◆ **WORK REQUEST**:
Below are several entries. Transcribe exactly those lines that fall from the one with "Bluzka z kwiatowym" through the one with "14k Yellow Gold", end lines included.

DATA SUPPLIED: Begin

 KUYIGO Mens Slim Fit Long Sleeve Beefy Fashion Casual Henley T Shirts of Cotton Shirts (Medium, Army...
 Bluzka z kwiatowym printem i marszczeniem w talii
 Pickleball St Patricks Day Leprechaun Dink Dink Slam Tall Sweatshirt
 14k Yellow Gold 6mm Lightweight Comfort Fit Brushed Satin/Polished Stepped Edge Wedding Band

DATA SUPPLIED: End
DATA SUPPLIED: Begin

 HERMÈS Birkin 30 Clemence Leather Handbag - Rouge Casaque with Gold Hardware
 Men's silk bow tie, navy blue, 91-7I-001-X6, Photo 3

DATA SUPPLIED: End
DATA SUPPLIED: Begin

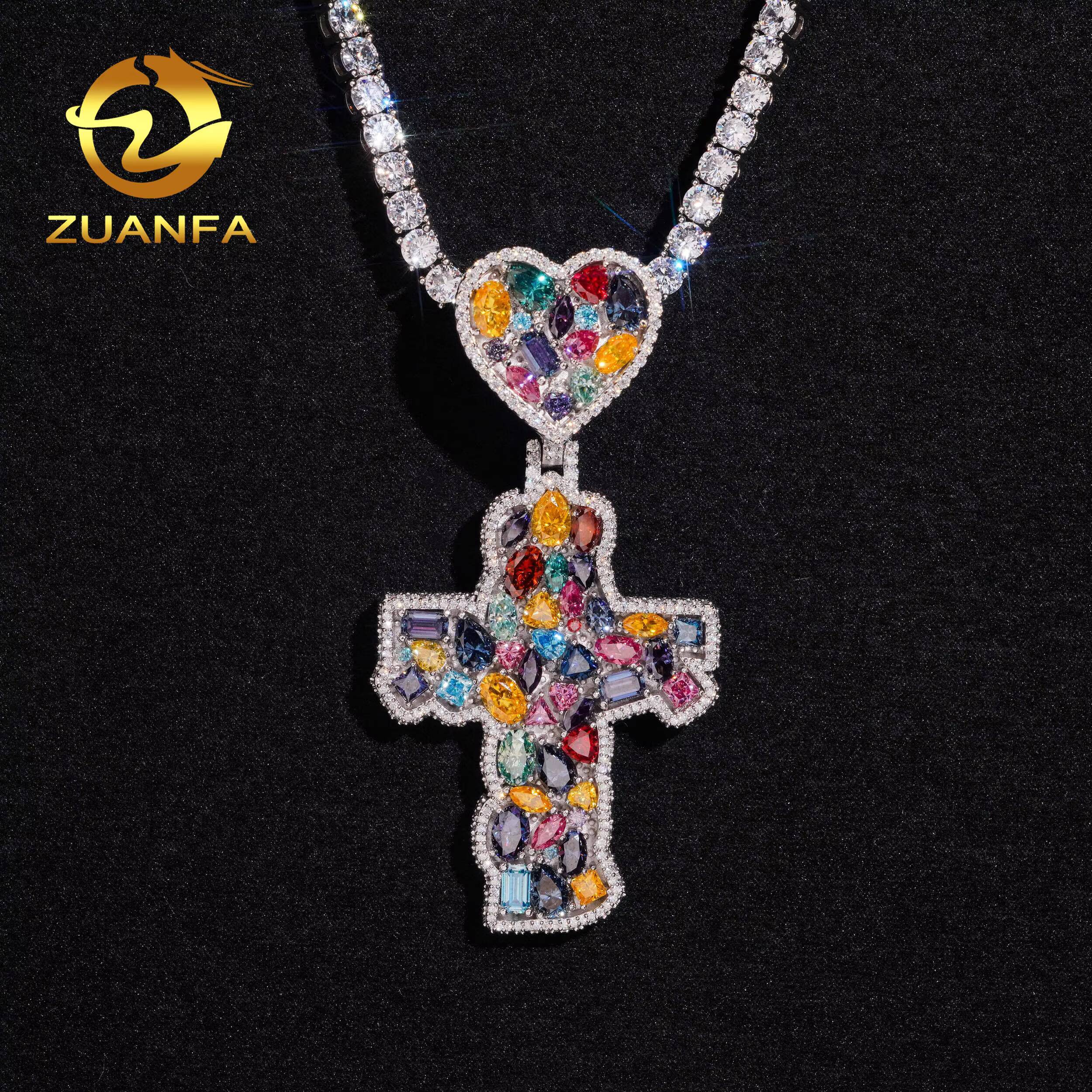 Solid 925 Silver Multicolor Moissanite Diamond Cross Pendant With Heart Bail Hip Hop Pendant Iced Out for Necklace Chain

DATA SUPPLIED: End

◆ **SOLUTION TO THIS PROBLEM**:
 Bluzka z kwiatowym printem i marszczeniem w talii
 Pickleball St Patricks Day Leprechaun Dink Dink Slam Tall Sweatshirt
 14k Yellow Gold 6mm Lightweight Comfort Fit Brushed Satin/Polished Stepped Edge Wedding Band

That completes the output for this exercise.